As robots become increasingly integrated into everyday tasks, their ability to perceive both the shape and properties of objects during in-hand manipulation becomes critical for adaptive and intelligent behavior. We present SemanticFeels, an extension of the NeuralFeels framework that integrates semantic labeling with neural implicit shape representation, from vision and touch. To illustrate its application, we focus on material classification: high-resolution Digit tactile readings are processed by a fine-tuned EfficientNet-B0 convolutional neural network (CNN) to generate local material predictions, which are then embedded into an augmented signed distance field (SDF) network that jointly predicts geometry and continuous material regions. Experimental results show that the system achieves a high correspondence between predicted and actual materials on both single- and multi-material objects, with an average matching accuracy of 79.87% across multiple manipulation trials on a multi-material object.
Paper Structure (14 sections, 1 equation, 5 figures)

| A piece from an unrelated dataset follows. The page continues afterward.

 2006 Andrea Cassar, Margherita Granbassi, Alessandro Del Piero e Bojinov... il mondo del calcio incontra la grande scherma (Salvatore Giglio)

This paper contains 14 sections, 1 equation, 5 figures.

Figures (5)

  • Figure 1: SemanticFeels framework: Diagram of our hardware and backend pipeline. An RGB-D camera and multiple tactile sensors collect visual and touch data from objects. This information is used to generate point clouds. Tactile images obtained from the tactile sensors, are processed by a classification model to predict local material types. These predictions are fused into a neural signed distance field (SDF) that reconstructs the object’s 3D shape while assigning semantic material labels.
  • Figure 2: Hardware and backend setup. (A) Allegro Hand with fingertip Digit sensors Intel RealSense D435i cameras Unknown2019-sg. (B) Dual-branch network: Extended NeuralFeels with a material mapping network. (C) Material Samples used for training the material classification model. (D) Objects used for real-time experiments. From left to right: A toy completely covered with fabric, a yarn ball, wooden candle holder, a stainless steel powder shaker, a plastic toy, and a plastic toy covered partially with a piece of fabric.

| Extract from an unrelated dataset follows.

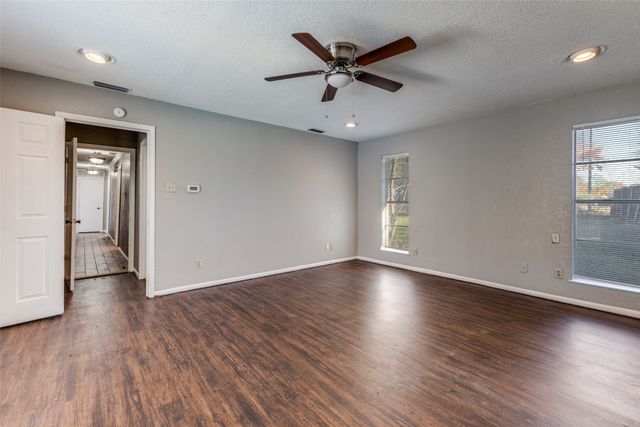 7001 Shannon Road, Mesquite, TX 75181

  • Figure 3: Model performance on hand-collected dataset. (A) Confusion matrix showing high classification accuracy across four material classes using the hand-collected dataset. (B) Validation accuracy per sensor, with the ring sensor achieving the highest test accuracy (99.60%) and the thumb sensor showing relatively lower performance (97.42%). These results are based on the offline dataset used for model training and validation, prior to deployment in real-time scenarios.
  • Figure 4: Evaluation of material classification using real-time robot-collected data. (A) Heatmap showing mean classification accuracy across digit sensors. Plastic materials achieve near-perfect accuracy on all sensors except the thumb. Ring and index fingers yield the highest overall accuracy. Wood and metal are harder to classify, especially with the thumb. (B) Bar plot of classification accuracy by digit sensor with error bars. Plastic shows high accuracy and low variability (except thumb). Ring and index fingers consistently perform better, while wood and metal exhibit lower and more variable accuracy, particularly on thumb and middle fingers.
  • Figure 5: Evaluation on Real-Time Robot-Collected Runs of a Multi-Material Object. (A) Matching percentage across four runs showing progressive improvements in map alignment over time, with final values exceeding 75% in each case. (B) Two examples of the resulting maps. (Left) The ground truth material map, colored according to material classes with a black color on regions not under study. (Middle) The predicted material map. (Right) The difference mask which is used to calculate the matching percentage. (C) An example run showcasing the progression of the predicted map over time.